## [About this task]
With the first line below as the start and the line containing "Mixed Breed dogs" as the end, copy every line between them exactly, ends included.

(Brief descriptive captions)
++++++++++++++++++++

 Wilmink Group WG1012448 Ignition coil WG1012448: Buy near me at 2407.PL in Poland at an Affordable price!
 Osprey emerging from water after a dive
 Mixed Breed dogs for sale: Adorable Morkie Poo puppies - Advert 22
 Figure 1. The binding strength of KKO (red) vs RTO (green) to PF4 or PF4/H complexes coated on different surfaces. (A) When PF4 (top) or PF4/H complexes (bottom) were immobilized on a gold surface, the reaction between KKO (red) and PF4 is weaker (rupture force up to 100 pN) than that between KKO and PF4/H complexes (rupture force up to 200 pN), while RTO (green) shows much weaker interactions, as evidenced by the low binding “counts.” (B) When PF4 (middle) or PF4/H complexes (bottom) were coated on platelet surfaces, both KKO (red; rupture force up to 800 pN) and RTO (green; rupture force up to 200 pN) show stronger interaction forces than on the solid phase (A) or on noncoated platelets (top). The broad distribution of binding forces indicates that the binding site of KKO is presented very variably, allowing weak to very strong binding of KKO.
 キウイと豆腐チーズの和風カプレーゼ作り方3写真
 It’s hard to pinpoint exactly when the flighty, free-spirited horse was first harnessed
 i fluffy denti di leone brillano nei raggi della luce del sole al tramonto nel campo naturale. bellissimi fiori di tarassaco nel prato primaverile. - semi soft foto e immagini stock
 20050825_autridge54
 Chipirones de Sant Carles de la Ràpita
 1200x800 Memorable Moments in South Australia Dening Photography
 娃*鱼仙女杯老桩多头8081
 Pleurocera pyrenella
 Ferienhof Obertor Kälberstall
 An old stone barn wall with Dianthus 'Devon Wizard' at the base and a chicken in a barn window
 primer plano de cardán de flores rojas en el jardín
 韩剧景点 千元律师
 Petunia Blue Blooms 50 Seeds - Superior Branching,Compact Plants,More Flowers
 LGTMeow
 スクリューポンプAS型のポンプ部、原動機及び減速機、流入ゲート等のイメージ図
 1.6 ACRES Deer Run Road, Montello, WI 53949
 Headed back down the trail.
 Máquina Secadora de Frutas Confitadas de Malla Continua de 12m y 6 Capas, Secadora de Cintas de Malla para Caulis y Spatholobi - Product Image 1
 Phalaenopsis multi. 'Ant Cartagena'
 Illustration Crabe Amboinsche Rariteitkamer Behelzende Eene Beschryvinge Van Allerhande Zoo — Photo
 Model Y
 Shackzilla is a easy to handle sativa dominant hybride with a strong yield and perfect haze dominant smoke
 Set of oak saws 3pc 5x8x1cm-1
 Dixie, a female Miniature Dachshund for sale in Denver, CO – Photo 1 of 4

++++++++++++++++++++

## [Completed task]
 Wilmink Group WG1012448 Ignition coil WG1012448: Buy near me at 2407.PL in Poland at an Affordable price!
 Osprey emerging from water after a dive
 Mixed Breed dogs for sale: Adorable Morkie Poo puppies - Advert 22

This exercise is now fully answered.